» **Work request**
Print the whole listing below exactly, skipping every picture.

» **Data segment**
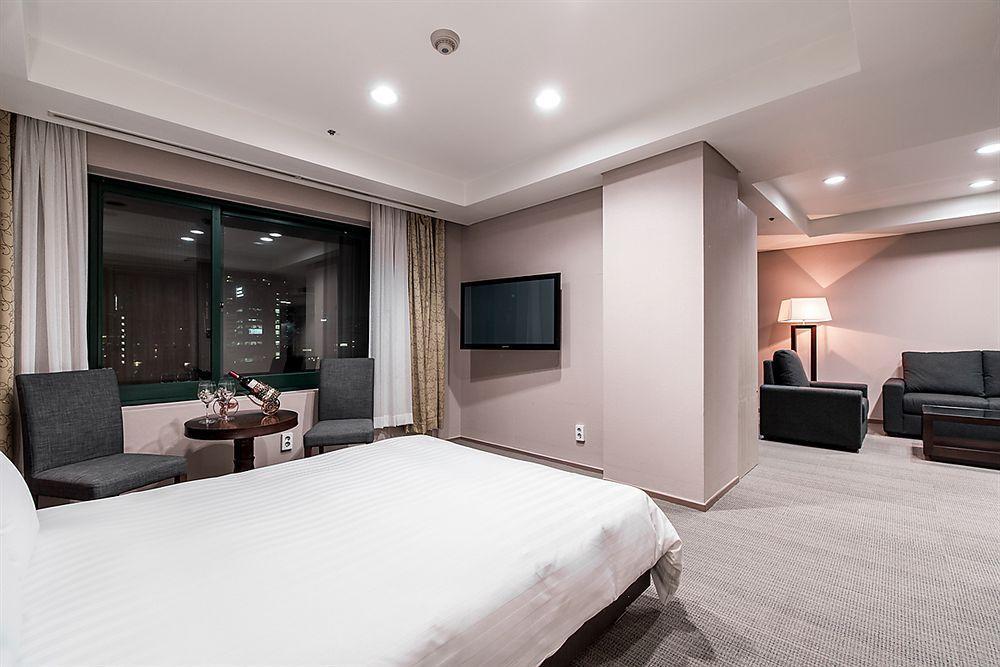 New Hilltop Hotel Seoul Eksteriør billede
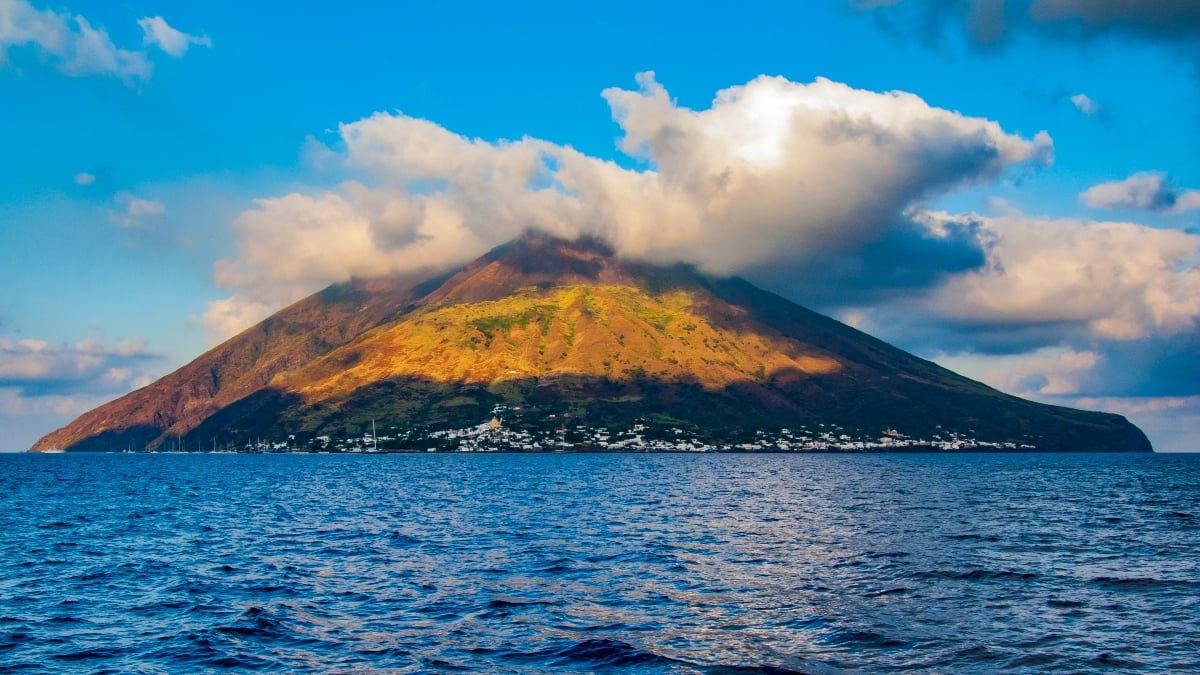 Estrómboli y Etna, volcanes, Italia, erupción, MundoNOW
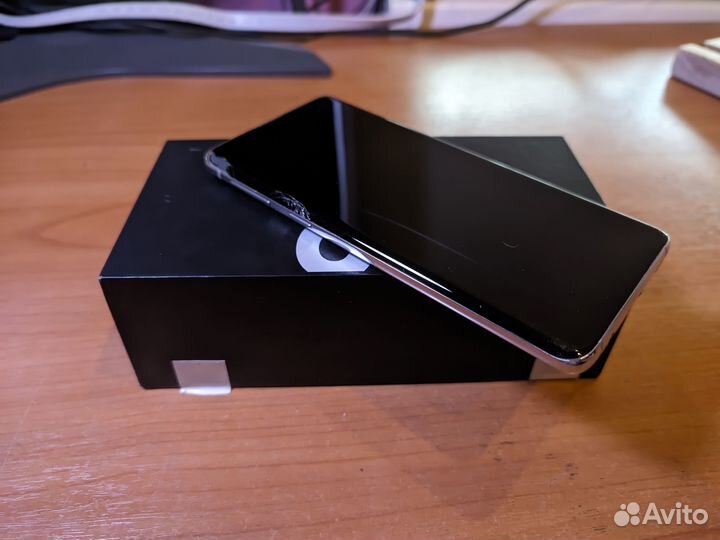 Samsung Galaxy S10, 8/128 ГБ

» **Output below**
 New Hilltop Hotel Seoul Eksteriør billede
 Estrómboli y Etna, volcanes, Italia, erupción, MundoNOW
 Samsung Galaxy S10, 8/128 ГБ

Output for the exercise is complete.